(Collected data entries)
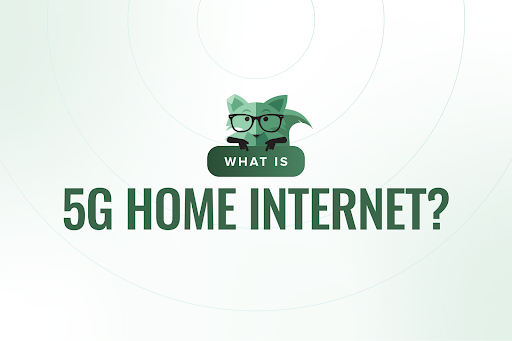 What is 5G home internet?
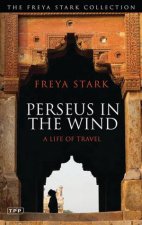 Perseus In The Wind A Life Of Travel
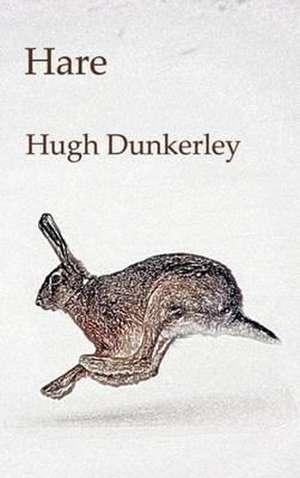 Dunkerley, H: Hare de Hugh Dunkerley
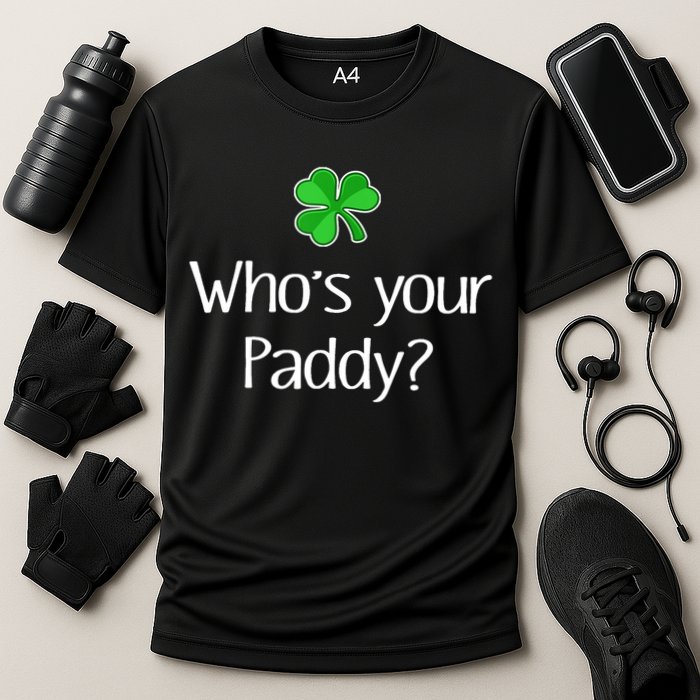 Funny Irish Whose Your Paddy St Patricks Gift Cooling Performance Crew T-Shirt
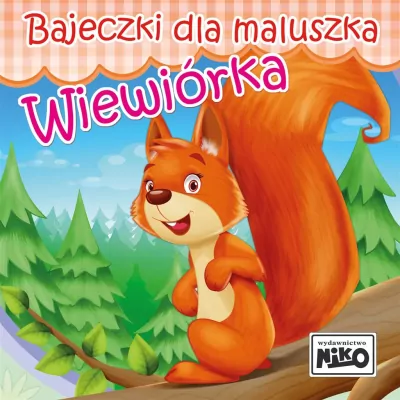Wiewiórka. Bajeczki dla maluszka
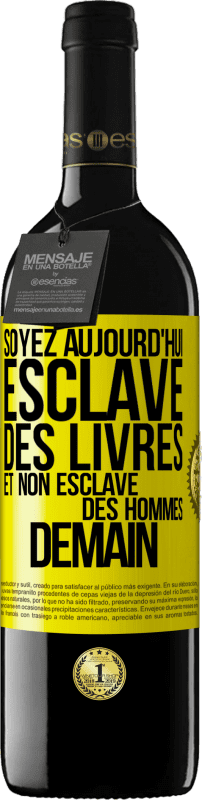 39,95 € | Vin rouge Édition RED MBE Réserve Soyez aujourd'hui esclave des livres et non esclave des hommes demain Étiquette Jaune. Étiquette personnalisable Réserve 12 Mois Récolte 2015 Tempranillo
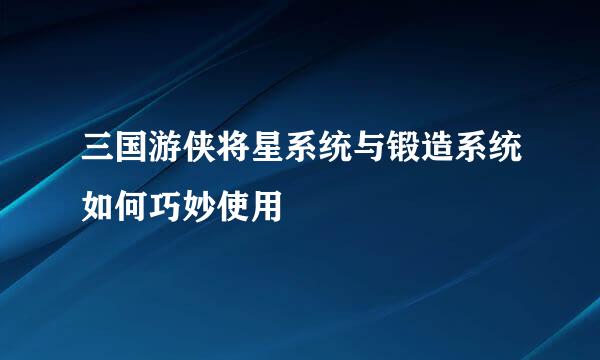 三国游侠将星系统与锻造系统如何巧妙使用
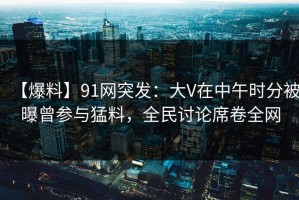 【爆料】91网突发：大V在中午时分被曝曾参与猛料，全民讨论席卷全网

**REQUIRED WORK**
Your task is to restate word for word the lines from the one containing "Funny Irish Whose" through the last line of the data, both ends included, with no pictures.

**RESULT**
 Funny Irish Whose Your Paddy St Patricks Gift Cooling Performance Crew T-Shirt
Wiewiórka. Bajeczki dla maluszka
 39,95 € | Vin rouge Édition RED MBE Réserve Soyez aujourd'hui esclave des livres et non esclave des hommes demain Étiquette Jaune. Étiquette personnalisable Réserve 12 Mois Récolte 2015 Tempranillo
 三国游侠将星系统与锻造系统如何巧妙使用
 【爆料】91网突发：大V在中午时分被曝曾参与猛料，全民讨论席卷全网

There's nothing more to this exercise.